Il existe des livres qui m’habitent comme des lanternes, qui se superposent à mes impressions, me donnent la sensation d’être plus présente. Ceux de l’autrice sont de cette trempe-là.
À chaque page, les espaces sont porteurs d’instantanés. La poète les transporte, parfois sur de longues distances, d’autres fois sur de très courtes, pas plus loin que le bout de la rue, quelques pas dans la maison entre deux pièces ; on traverse des saisons, des chemins de souvenirs, de désir.
Les gestes de tous les jours, s’habiller, se regarder dans le miroir, travailler, cuisiner, sont sublimés à travers l’écriture de Mackay, qui dépasse de loin l’anecdote. La poète crée du sens avec ce qui semble à première vue banal. Elle construit un monde impressionniste, trace à la craie les contours des arbres « sur les quarante-huit dalles de béton de la cour arrière ». Je me trouve en état constant d’émerveillement, devant ces poèmes qui mettent en lumière d’un côté une sensation de creux, le manque de l’enfance, ses fantaisies, ses promesses, et de l’autre, une forme de plénitude, faite de moments passés avec ceux qu’elle aime ou perdue dans ses pensées. Contrées m’apparaît comme une quête minutieuse pour combler l’écart entre ces deux émotions : « je suis à la recherche constante / de l’air / juste un peu d’air / une fenêtre ». Entre le milieu du travail, l’envie d’écrire, le besoin d’être auprès de l’amoureux et de l’enfant, l’autrice cherche un équilibre, un espace où se déployer. Les lieux familiers, une chambre, un atelier, une terrasse, une cuisine, ouvrent vers des paysages intérieurs riches de réflexions. Par son regard acéré, connecté à son intériorité, Xavière Mackay anime l’immobile, regarde de biais, à travers un filtre curieux et rêveur. Elle montre l’unique dans l’habituel. (Est-ce réellement si simple ou banal, un baiser amoureux sur le front, un verre partagé dehors, une coupure sur le bout d’un doigt ?) La lire réenchante les heures les plus vastes. Ses poèmes me plongent dans de profondes méditations sur l’ennui, l’amour, l’écriture, ils me font sourire et m’émeuvent tant ils sont justes.

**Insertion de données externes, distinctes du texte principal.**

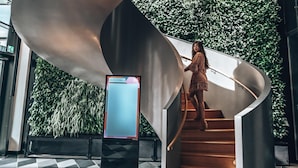A modern interior with a curved staircase, a digital display, and a green wall. - ANDAZ MUNICH SCHWABINGER TOR, BY HYATT (Munich)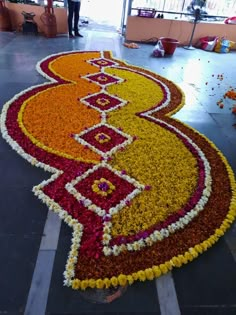 a man standing in front of a large flower arrangement on top of a tiled floor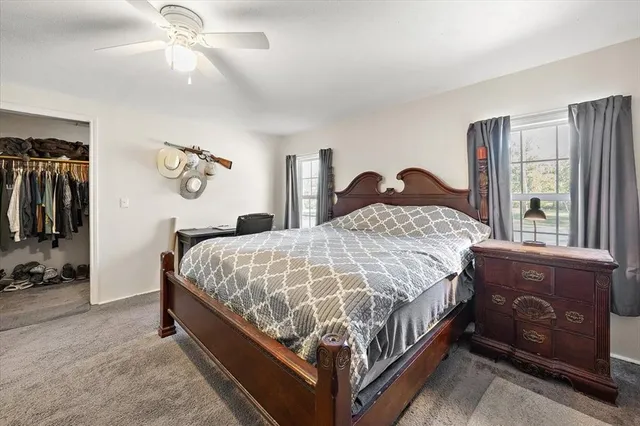 a bed sitting in a spacious bedroom next to a window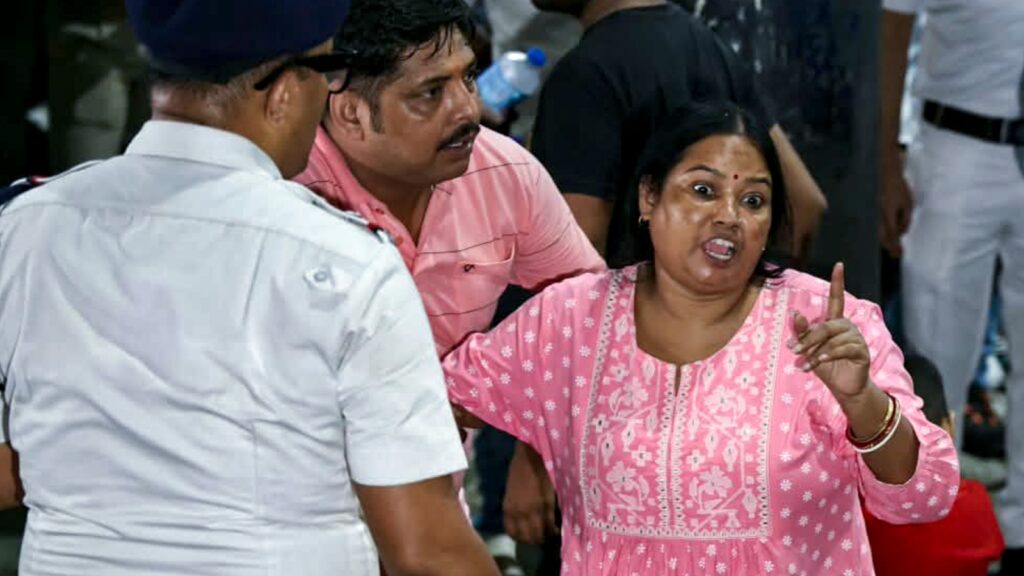 Woman in pink saree gesturing during a discussion at a crowded event.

Dans l’univers que Xavière Mackay met en place, certains événements se répètent, des moments qui constituent la vie, tissent la trame de nos existences. On les retrouve dans des textes aux mêmes titres, comme des tableaux dépliés, « Pas encore » I et II, « Contrées » I à V, ou encore dans des éléments factuels qui me ramènent aux mêmes endroits : la température « (il fait moins trente-trois degrés dehors) », les quarante-huit dalles de béton dans la cour, le jardin, la rivière, les routes qui conduisent vers d’autres facettes de nos vies. La poète creuse sa présence au monde, et du même coup, la nôtre, la mienne, son rapport aux jours, à l’amour, à travers des poèmes qui s’ouvrent sur l’entre-deux, la passion, une certaine langueur salvatrice. Son regard oscille entre étonnement, ennui, humour bien senti : « cette lumière qu’on célèbre / comme un retour d’impôt » ou « quand le soleil décline / les feuilles d’érable se flétrissent / deviennent inintéressantes et moches / molles et bonnes à rien / c’en est gênant pour elles ». Elle superpose des jours passés au présent, elle se questionne sur le fait de profiter ou non des beautés qui sont à sa portée, tout s’enchaîne, tout devient source d’éblouissement.
Xavière Mackay dédie Contrées « À la mer / Aux miens », un signe de reconnaissance adressé à l’immensité, aux lieux de l’enfance, à la vie et aux liens. Elle pose son attention là où ça en vaut la peine, sur ce qui compte à ses yeux, à son cœur. Les poèmes de Pont Rhodia, premier ouvrage de l’autrice paru également au Quartanier, brillaient par leur lucidité empreinte d’humour, et ces nouvelles offrandes poursuivent dans la même lignée. Elles confirment une voix qui nomme la course lente des jours et leur richesse comme peu savent le faire, en ne disant pas tout, mais plutôt « juste assez », c’est déjà immense.